Le rouble a atteint son plus bas niveau historique face au dollar (-8%) et à l’euro (-6%) ce jeudi matin. A l’ouverture de la bourse de Moscou, après une suspension temporaire, l’indice Moex (en roubles) plongeait de 28%.

Le prix de l'aluminium a atteint jeudi matin un nouveau record historique, à 3.382,50 dollars la tonne. Les acteurs du marché craignent que l’approvisionnement en aluminium de Russie ne soit affecté en cas de sanctions sévères de l’Occident et de mesures de représailles de la part de la Russie.

L’or reprend son statut de valeur refuge et progresse de 2% tandis que le bitcoin n’a pas la cote (en chute de 8%).

Les conséquences économiques de la crise ukrainienne dépassent déjà largement l’Est de l’Europe. L’enjeu pour les prochains jours est lié à l’ampleur des sanctions qui devront être prises. Les banques centrales se questionnent aussi sur les implications durables que la crise pourrait avoir sur leurs choix et leurs options de politique monétaire.

Tout porte à croire que les forces russes ne se contenteront pas d’intervenir dans les seuls territoires séparatistes du Donbass dont l’indépendance avait été reconnue en début de semaine par Moscou, mais bien dans l’ensemble du territoire ukrainien. Des attaques contre les aéroports ont eu lieu dans l’ensemble du pays et des explosions ont été reportées y compris à l’ouest de Kiev. Par ailleurs, dans son discours prononcé cette nuit, Vladimir Poutine a indiqué que l’ objectif de l’intervention des forces armées était de « démilitariser et dénazifier » l’Ukraine. Cela semble indiquer que le but visé est désormais de dominer une partie plus grande de l’Ukraine, voire tout le territoire ukrainien en faisant tomber le régime en place.

Tous les dirigeants internationaux sont mobilisés mais l’équilibre à trouver sera particulièrement délicat. D’un côté, la capacité de riposte des Européens semble limitée à cause de la dépendance à l’énergie mais, de l’autre, des sanctions trop limitées pourraient envoyer un signal défavorable.

La réaction de Vladimir Poutine aux sanctions qui seront prises sera également cruciale alors que le président russe a menacé de graves répercussions pour ceux qui tenteraient d’ingérer dans la situation ukrainienne. Dans un contexte d’aggravation des tensions sur les matières premières, y compris alimentaires compte tenu du poids de l’Ukraine et la Russie (notamment pour les céréales), les impacts néfastes pour les perspectives économiques risquent d’être importants. 

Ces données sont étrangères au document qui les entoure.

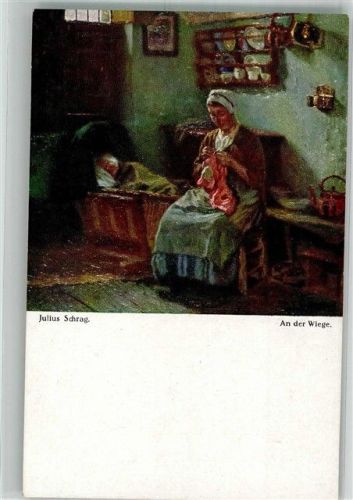 sign. Schrag, Julius An der Wiege Mutter und Kind Nähen Künstlerkarte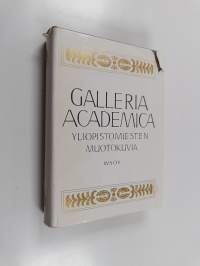 Galleria Academica : yliopistomiesten muotokuvia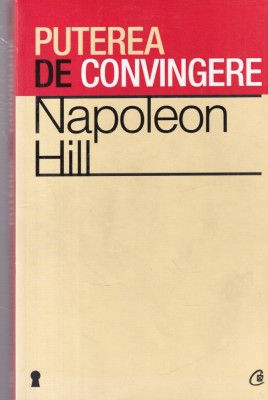Napoleon Hill - Puterea de convingere foto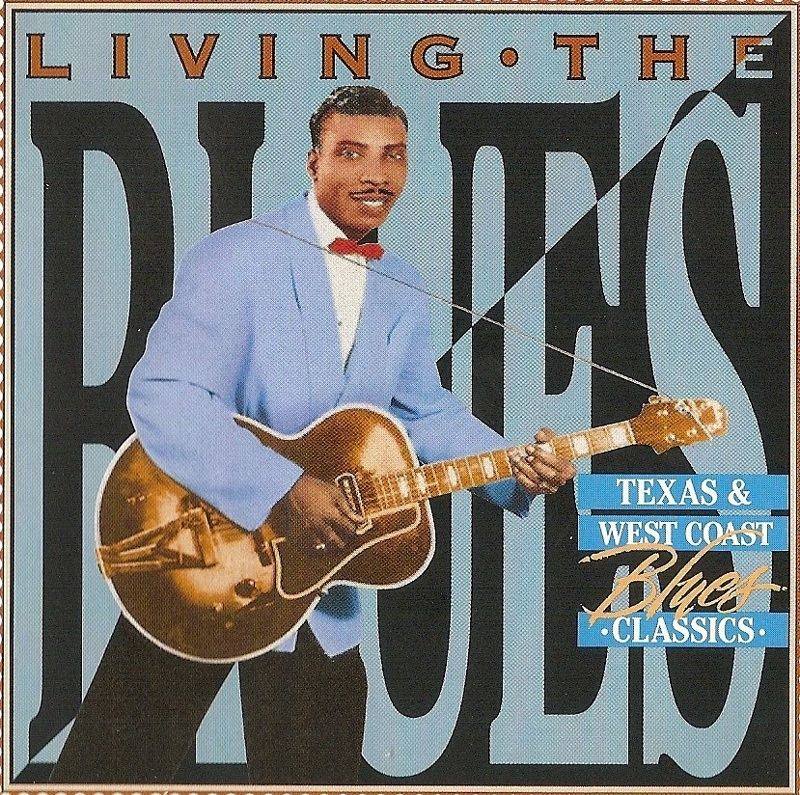 TEXAS & WEST COAST CLASSICS — LIVING THE BLUES cover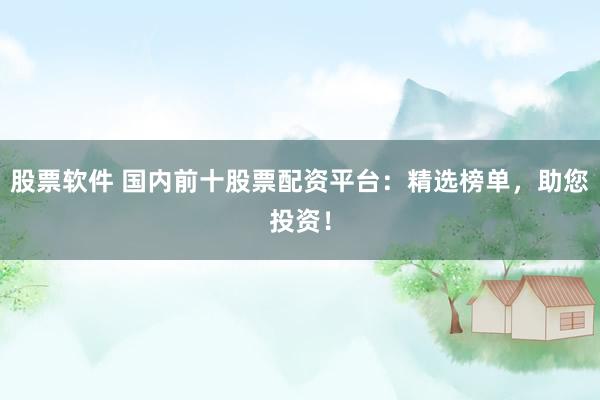 股票软件 国内前十股票配资平台：精选榜单，助您投资！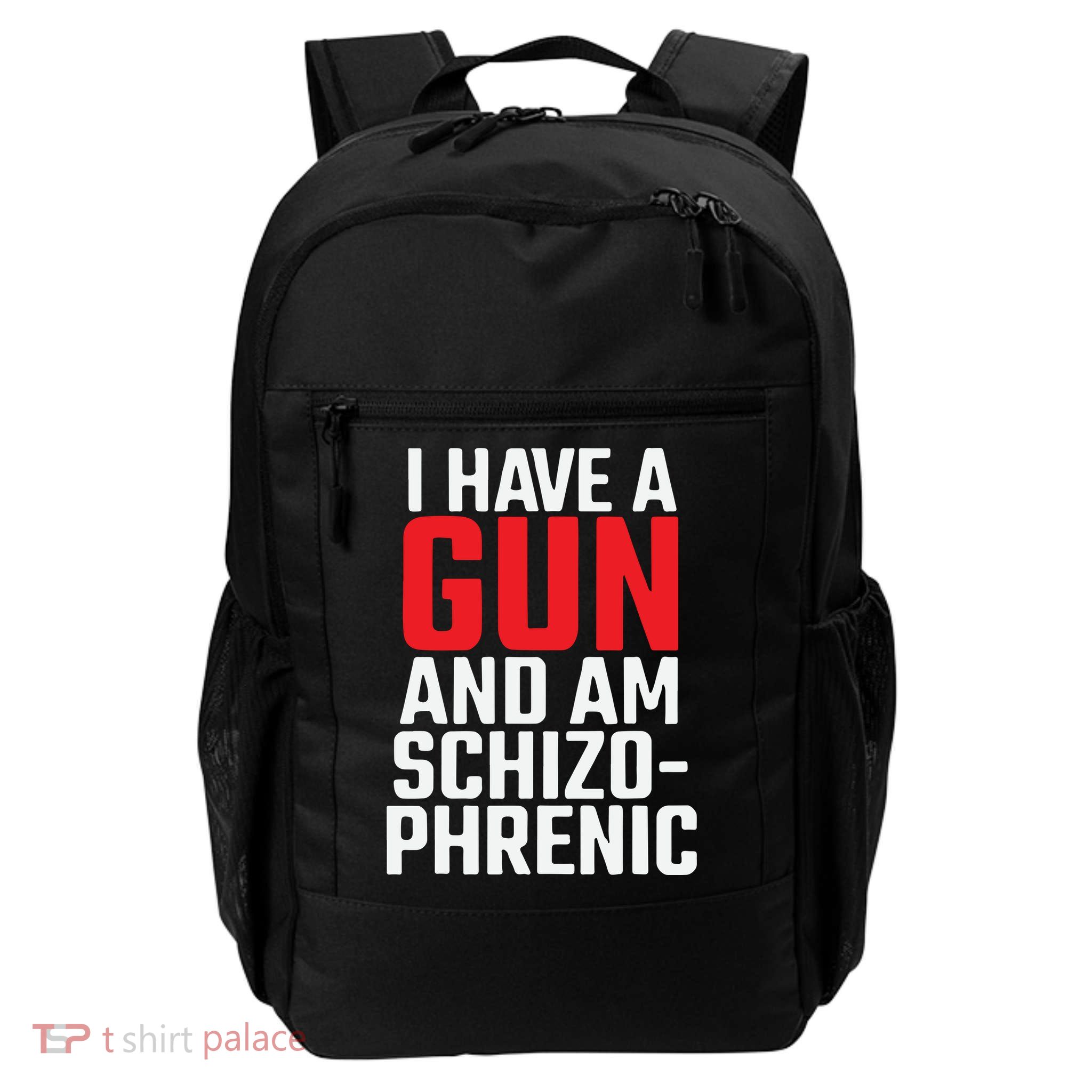 I Have A Gun And Am Schizo Phrenic Daily Commute Backpack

Une forte hausse des prix de l’énergie, avec à la clé des pressions inflationnistes encore plus élevées et plus durables, pourrait conduire la banque centrale européenne (BCE) à retirer de manière encore plus agressive son soutien monétaire cette année. Si l’activité reste résiliente en zone euro, des pressions inflationnistes toujours très fortes et qui pourraient être encore renforcées via les prix de l’énergie du fait de la crise entre l’Ukraine et la Russie risquent surtout de mettre la BCE dans une situation très inconfortable. Selon les sanctions qui seront prises, le choc sur la croissance pourrait toutefois mettre à mal les perspectives d’inflation de moyen terme et conduire l’institution à repousser la hausse des taux directeurs. L’évaluation de ces deux forces contraires sera délicate et porteuse d’une grande incertitude. La situation actuelle risque donc de réduire la capacité de la banque centrale à donner un chemin de sortie très détaillé et clair lors de la prochaine réunion de mars.

Cette situation improbable et imprévisible nous met en face de deux scénarios possibles :

1.     Une solution est rapidement trouvée dans le sens où les hostilités se calment et de longues négociations politiques prennent le relais avec la Russie en contrôle de l’Ukraine mais sous conflit localisé

2.     Cela dégénère et le conflit s’étend ou continue et les marchés seront durablement impactés.

Nous recommandons donc la prudence sachant que des opportunités d’investissement seront probablement à saisir.